What to work on: The response should be an exact transcription of the data below, free of images.

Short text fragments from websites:
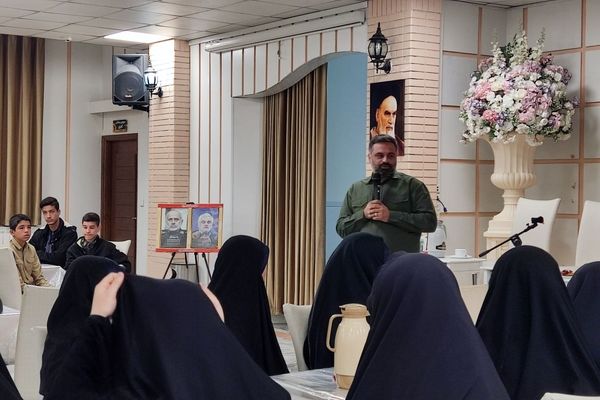 گفتگوی صمیمانه فرماندهان واحد های بسیج دانش آموزی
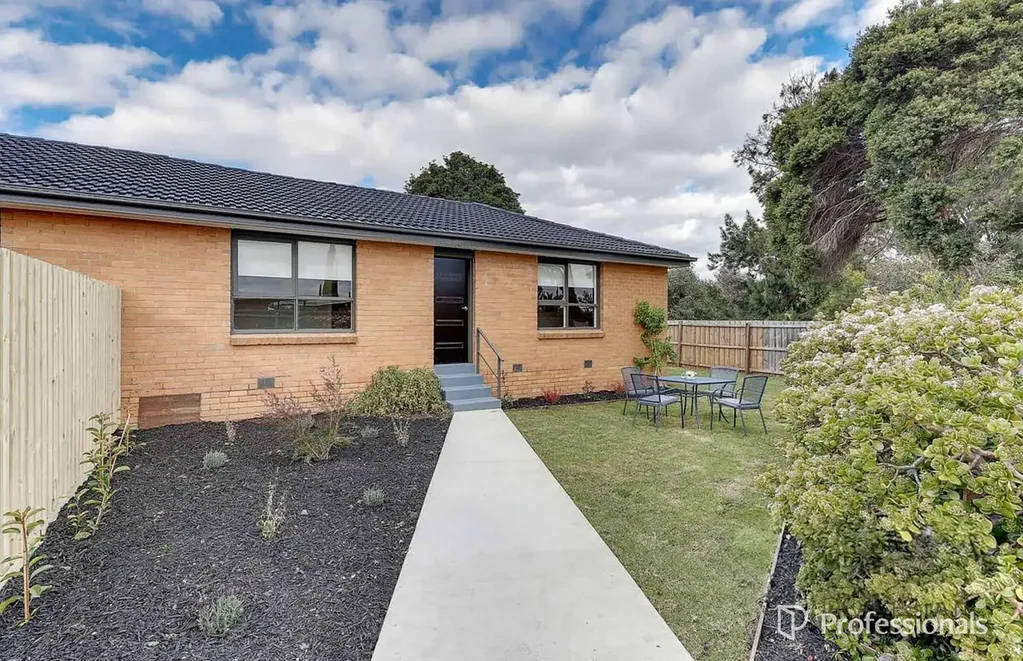 Airport West 2Kwarto Peaceful & Private Renovated Villa with Huge Yard and Prime Location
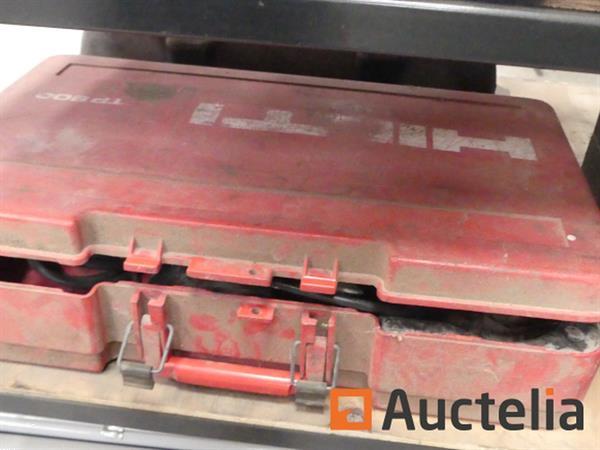 Grote foto metalen planken die niet kunnen worden gedemonteerd doe het zelf en verbouw hefwerktuigen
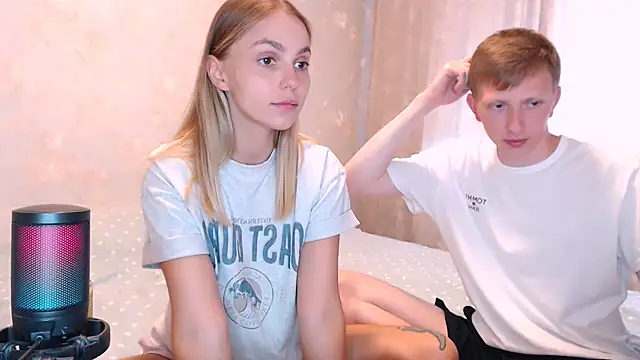 juliaanddima online show from July 28, 11:17 am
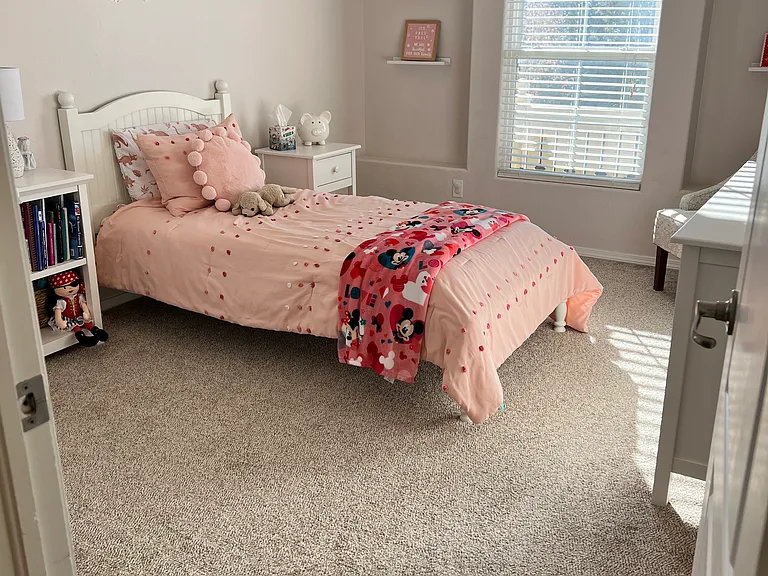 Upstairs bedroom #2
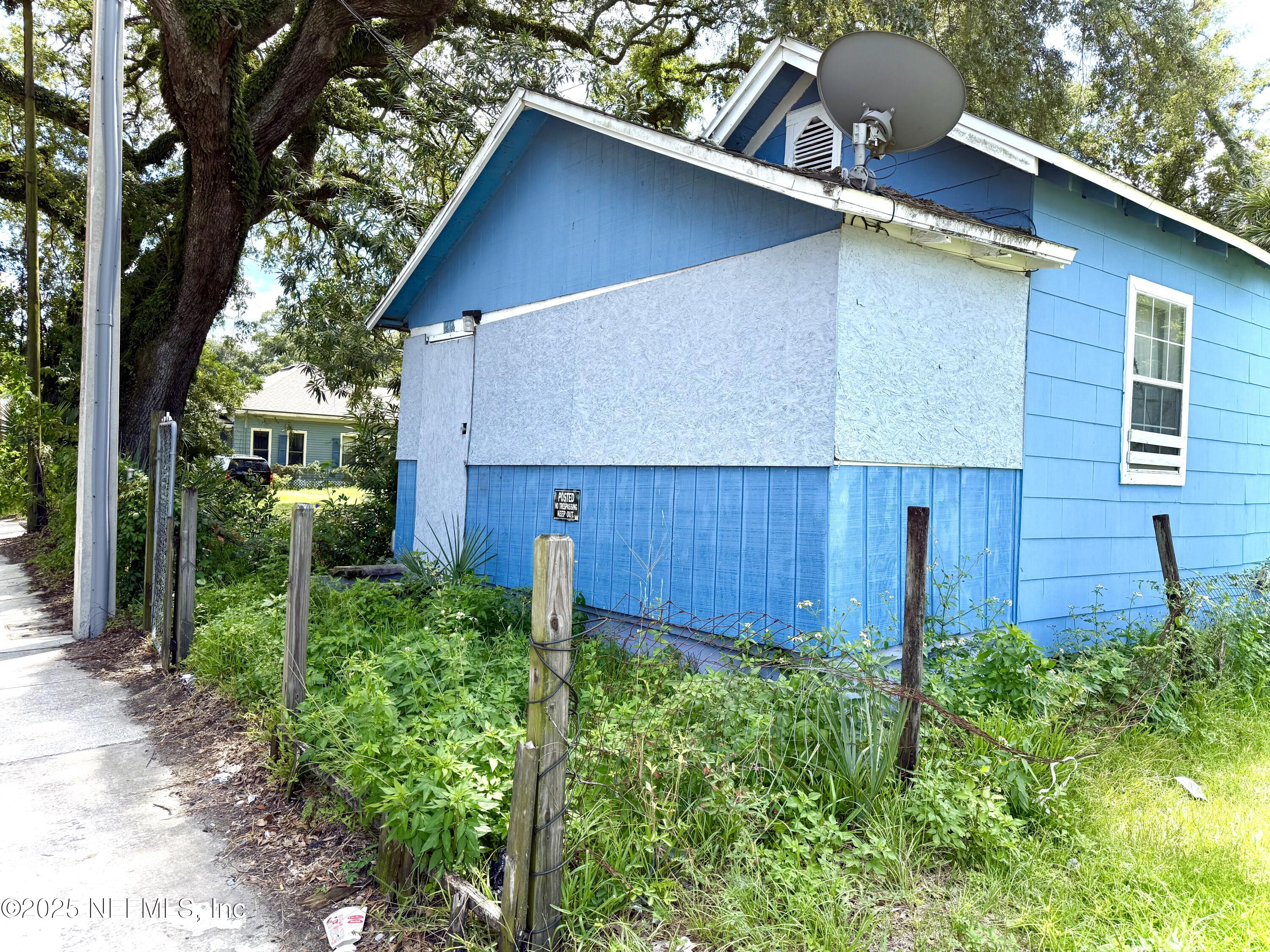 1464 Kings Road Jacksonville, FL 32209 - Photo 3 of 4 IMG_0156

Answer space:
 گفتگوی صمیمانه فرماندهان واحد های بسیج دانش آموزی
 Airport West 2Kwarto Peaceful & Private Renovated Villa with Huge Yard and Prime Location
 Grote foto metalen planken die niet kunnen worden gedemonteerd doe het zelf en verbouw hefwerktuigen
 juliaanddima online show from July 28, 11:17 am
 Upstairs bedroom #2
 1464 Kings Road Jacksonville, FL 32209 - Photo 3 of 4 IMG_0156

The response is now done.